▶ _DESCRIPTION OF THE TASK_
Reproduce, exactly, the lines of the material below from the line containing "Slijpsteen 3 Zuidland thumbnail 28" through the line containing "24 FC Cores", with both end lines included and nothing else.

DATA SHOWN START

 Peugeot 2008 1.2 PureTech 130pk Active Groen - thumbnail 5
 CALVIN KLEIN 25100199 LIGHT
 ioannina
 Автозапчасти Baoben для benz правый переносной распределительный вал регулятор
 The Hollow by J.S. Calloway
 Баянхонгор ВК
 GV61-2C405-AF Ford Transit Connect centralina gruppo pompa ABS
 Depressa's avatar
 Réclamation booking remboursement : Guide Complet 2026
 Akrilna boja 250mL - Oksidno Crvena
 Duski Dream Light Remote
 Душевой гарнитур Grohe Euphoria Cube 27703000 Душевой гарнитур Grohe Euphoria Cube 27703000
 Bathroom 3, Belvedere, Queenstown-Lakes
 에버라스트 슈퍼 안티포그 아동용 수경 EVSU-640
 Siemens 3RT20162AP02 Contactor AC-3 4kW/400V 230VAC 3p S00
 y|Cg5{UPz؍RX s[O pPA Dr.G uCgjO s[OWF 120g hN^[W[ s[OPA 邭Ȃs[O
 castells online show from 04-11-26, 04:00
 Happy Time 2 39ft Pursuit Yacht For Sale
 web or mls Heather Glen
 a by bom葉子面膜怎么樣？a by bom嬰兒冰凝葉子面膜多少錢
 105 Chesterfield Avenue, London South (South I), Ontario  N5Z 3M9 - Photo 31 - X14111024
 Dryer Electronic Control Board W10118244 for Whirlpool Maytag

DATA SHOWN END
DATA SHOWN START

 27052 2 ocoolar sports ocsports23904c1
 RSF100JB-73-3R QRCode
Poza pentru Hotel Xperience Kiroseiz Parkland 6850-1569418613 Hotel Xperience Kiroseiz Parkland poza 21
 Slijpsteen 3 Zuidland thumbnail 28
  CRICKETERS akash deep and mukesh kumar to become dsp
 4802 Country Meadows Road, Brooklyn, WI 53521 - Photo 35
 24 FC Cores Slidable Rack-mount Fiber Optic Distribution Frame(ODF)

DATA SHOWN END
DATA SHOWN START

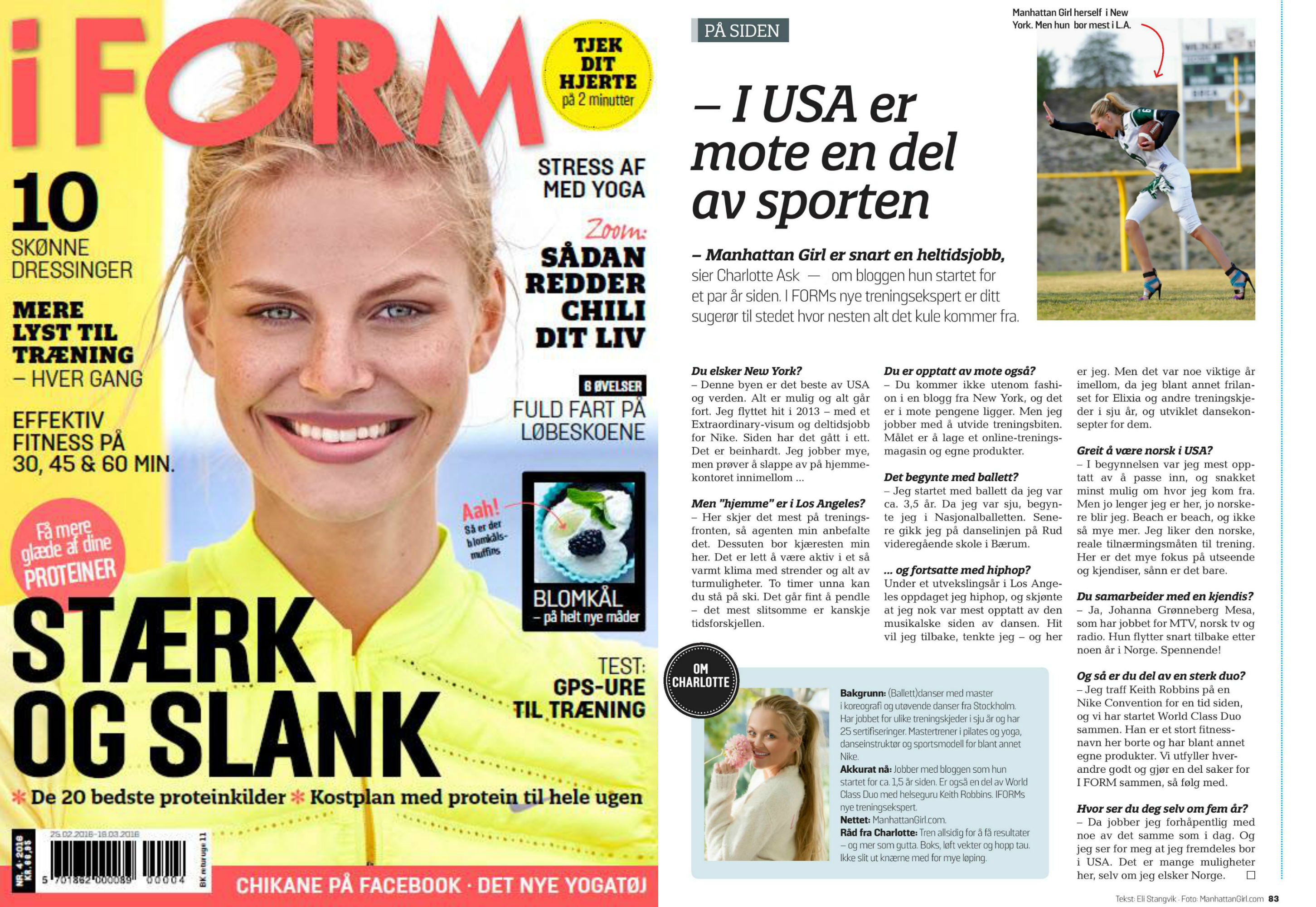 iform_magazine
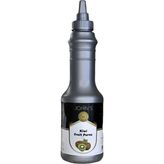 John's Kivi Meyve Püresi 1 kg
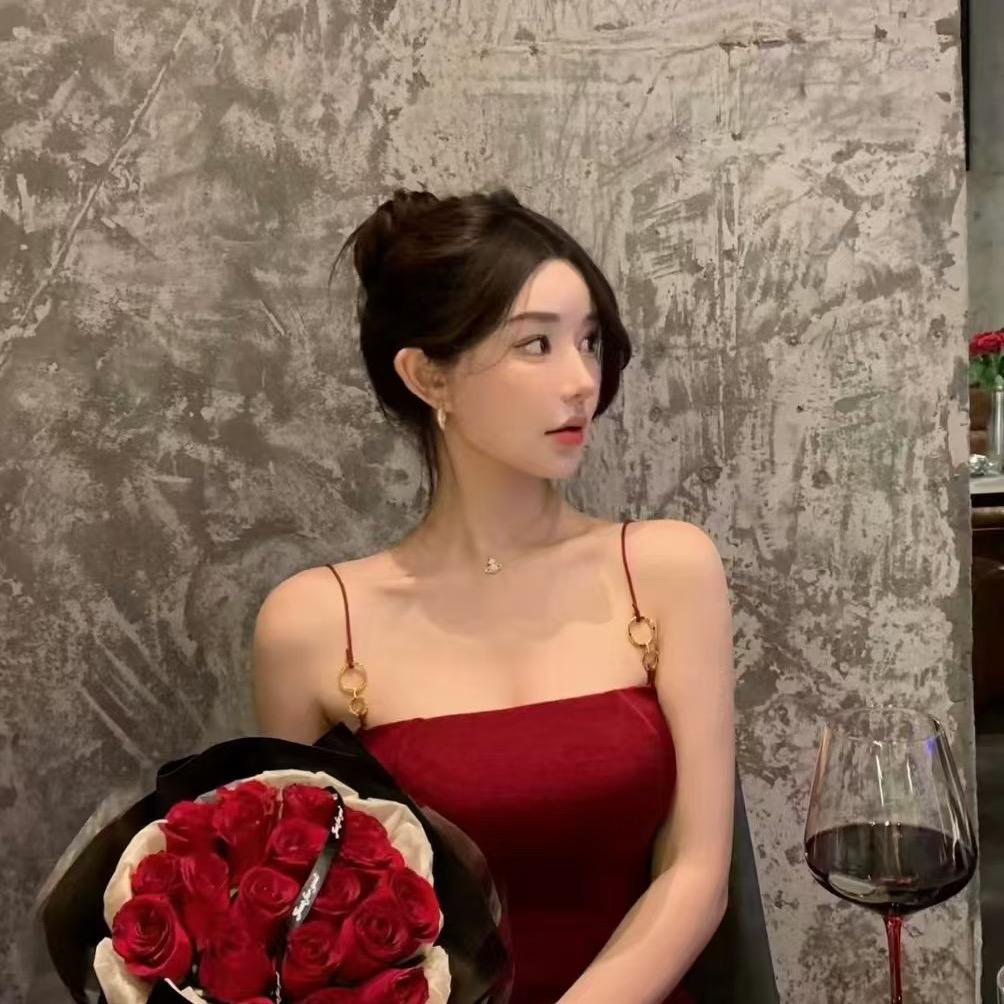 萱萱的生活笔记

DATA SHOWN END

▶ _ANSWER TO THE EXERCISE_
 Slijpsteen 3 Zuidland thumbnail 28
  CRICKETERS akash deep and mukesh kumar to become dsp
 4802 Country Meadows Road, Brooklyn, WI 53521 - Photo 35
 24 FC Cores Slidable Rack-mount Fiber Optic Distribution Frame(ODF)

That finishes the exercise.